I am a firm believer in the arts, and when the chance came for my kids to take local classes in creativity, I practically glue-sticked the paint brushes in their little hands. Week after week, I talked it up, praising their work like any good mother should. Sure they had simply spent an hour smearing paint around, but they were so proud of what they made.
And so was I.
When “clay week” rolled around, they worked especially hard. Of course my daughter churned out some excellent sculptures; her birds had beaks that weren’t coming out of their backs and butterflies with symmetrical wings.

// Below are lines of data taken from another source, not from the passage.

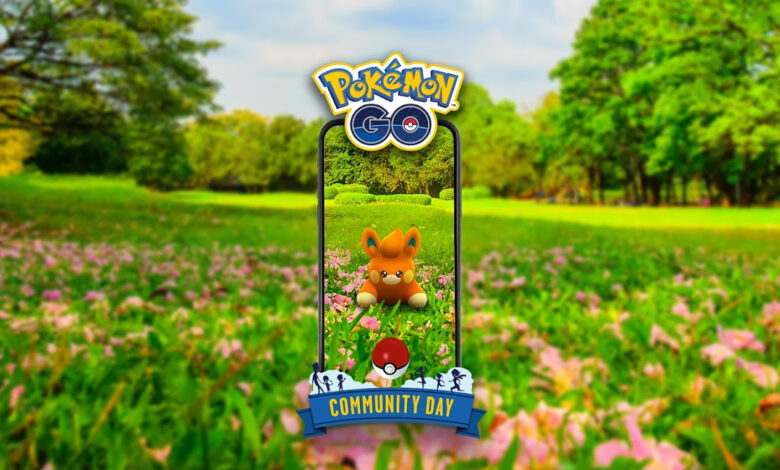 pokemon go shared skies key art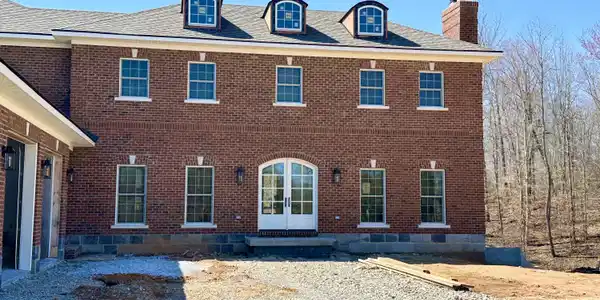 944 Goldenberg Lane
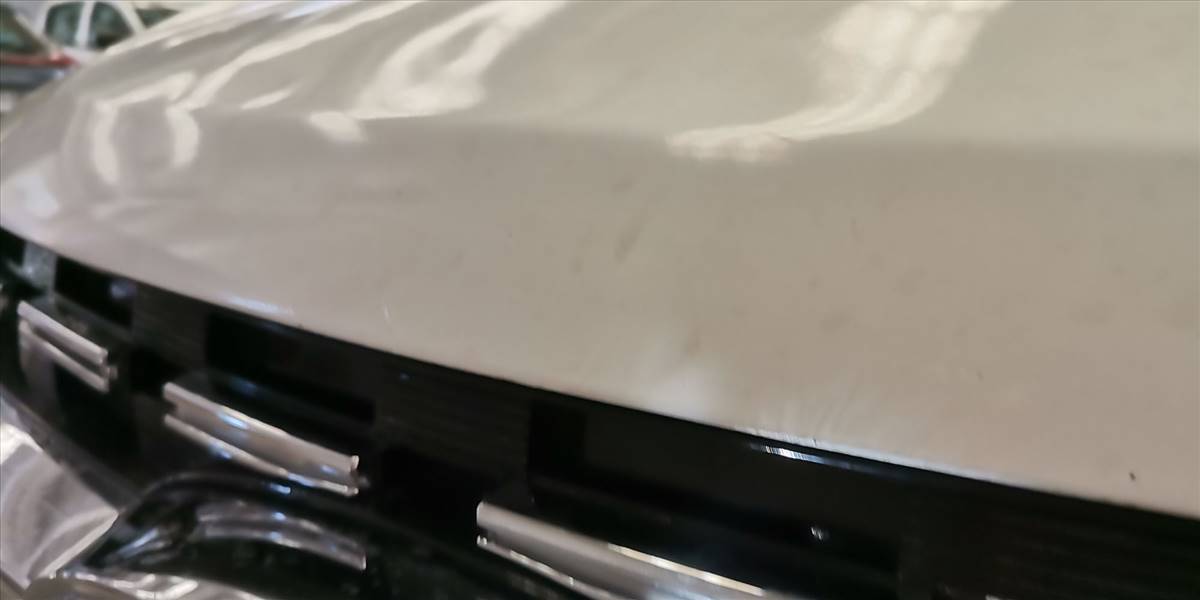 CHERY TIGGO 8 GLX 1.5 - Imagen 50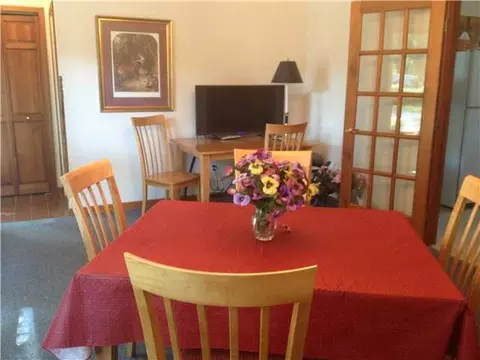 600 Devon, Eaton Rapids, MI 48827 photo 10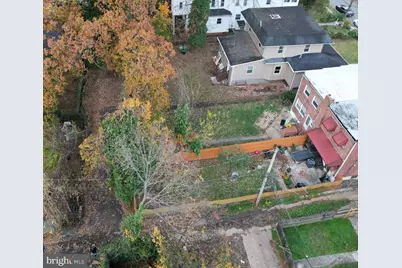 3923 Fairview Avenue, Baltimore, MD 21216 - Photo 29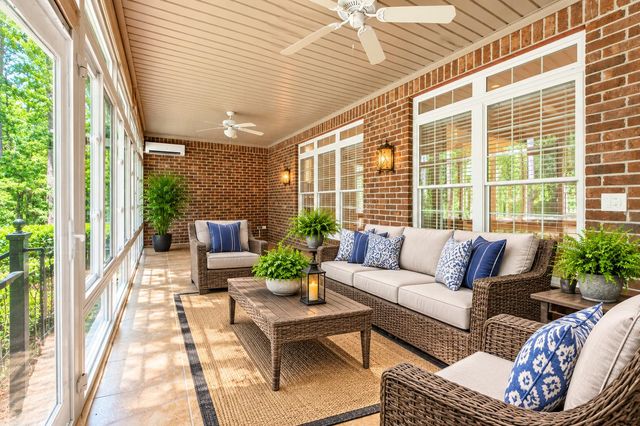 2208 Cardigan Drive, Aiken, SC 29803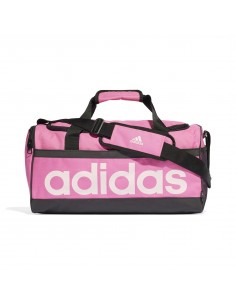 ADIDAS HR5351 LINEAR DUFFEL...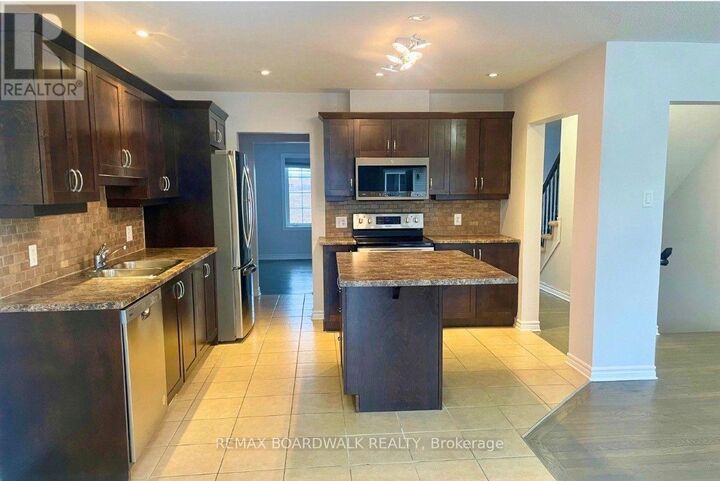 Property Photo:  1736 Maple Grove Road  ON K2S 0G4 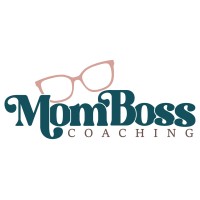 MomBoss Coaching logo - Similar company to Brainika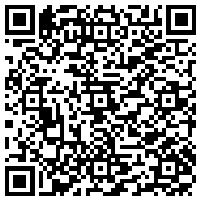 QR Code for bitcoin:bitcoin:bitcoin:bitcoin:bitcoin:bitcoin:bitcoin:bitcoin:bitcoin:dash:XfDQS5X6BVk7gR4Uza8a7nwTMAsSSiSXd8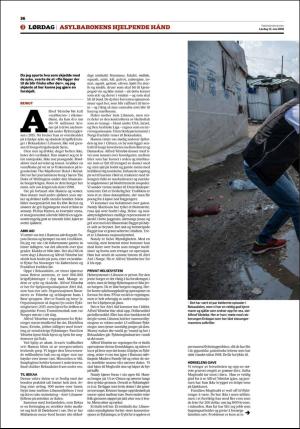 fedrelandsvennen-20180512_000_00_00_036.pdf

But when I saw what my son created, I nearly cried with delight. Somehow, someway, out of the hands of a tiny rambunctious redhead that are usually busy sword-fighting or pulling his sister’s hair, came magnificent works of art—purple giraffes and even anatomically correct birds.

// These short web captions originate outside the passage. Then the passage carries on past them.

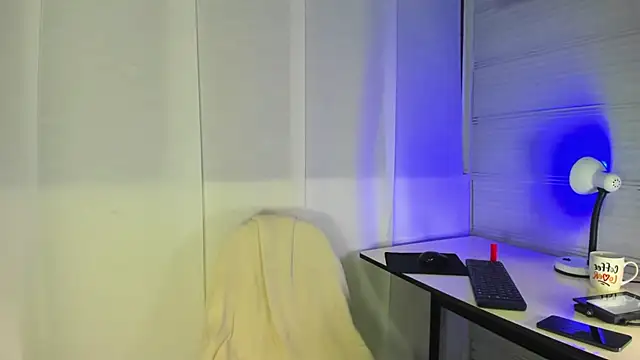 Sue blue online show from 6, 3, 2026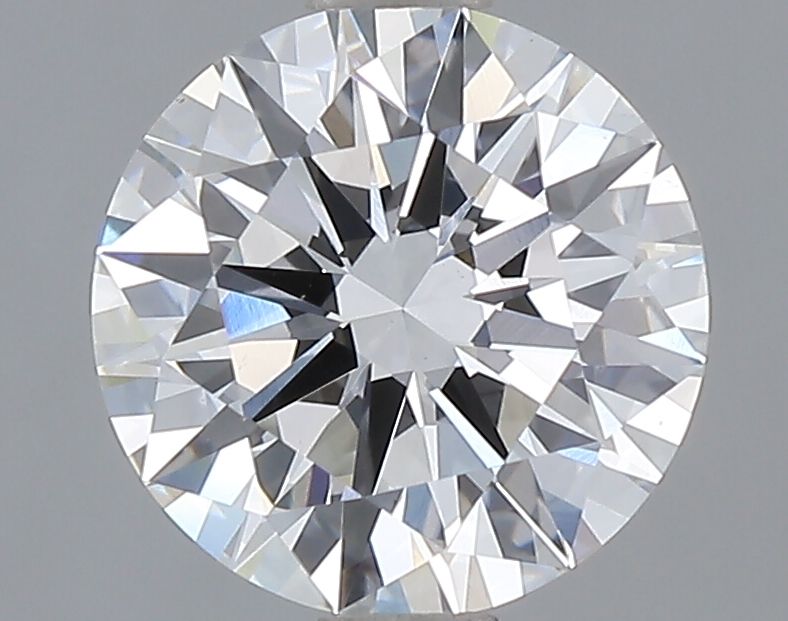 1.56 ct. E/VS1 Round Lab Grown Diamond prod_a6d687943fe04a4db3809313cb232b9e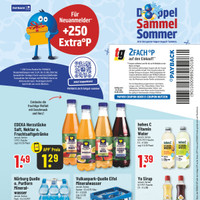 trinkgut Prospekt Seite 3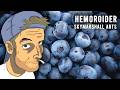 SkyMarshall-Arts-Hem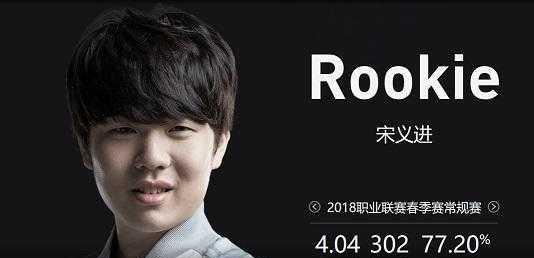 的队伍更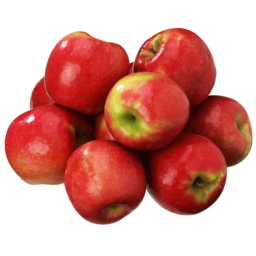 Photo of Apples Pink Lady 1kg Pre Pack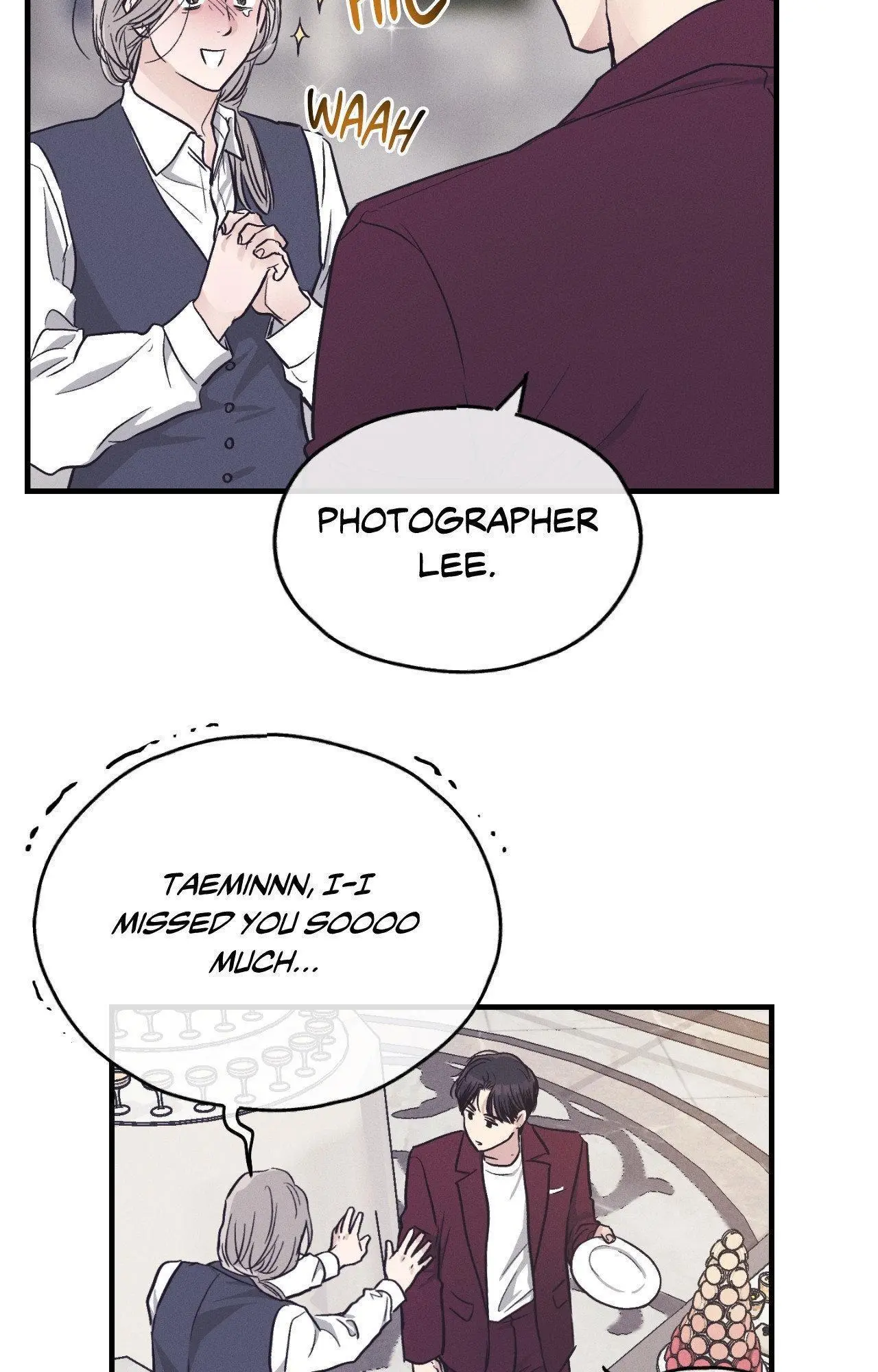 Manga page 60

Together they had created an animal magnum opus! Their very own masterpiece zoo!
The art teacher told me and the other parents in the class to bake the clay at a very low temperature to harden it, and so that very afternoon I warmed up the oven so I could forever preserve these timeless treasures.
Oven on, art in. Phone rings. My mother.
Gabbing away and not paying enough attention, I started to smell the ever-so-faint odor of melting crayons. And with the pit in my stomach and my stomach in my throat, I opened the oven door to find the colorful and liquid remains of that zoological masterpiece.
“Gotta go, mom, I just totally melted the kids’ art projects.”
And even though their ears were completely tuned into the TV at that time, they heard me say those words: I melted their art.
For what it’s worth, they took it pretty well, or as well as two small kids could accept the fact that their mother just turned their hard work into a waxy puddle.
Devastated and bawling, I did the only thing I could think of. I hugged them tightly and cried right along with them. The three of us wailing together, and I promised them I’d make it better. Somehow, someway, their art would return.
Even then, as I was planning the trip to the craft store, I thought that even if I couldn’t save their art, I could save someone else’s.
Trying to avoid the moans in the background I quickly phoned another parent in the class. No “hello,” no “hi, this is Karrie.” Nothing cordial at all, just “DO NOT PUT YOUR SON’S ART IN THE OVEN. IT WILL MELT. Your child will cry and you will feel absolutely miserable. And then you will promise them that you will drive almost an hour to find modeling clay even though you have other things to do.”
Between her laughter and my kids’ crying, I didn’t know what to think.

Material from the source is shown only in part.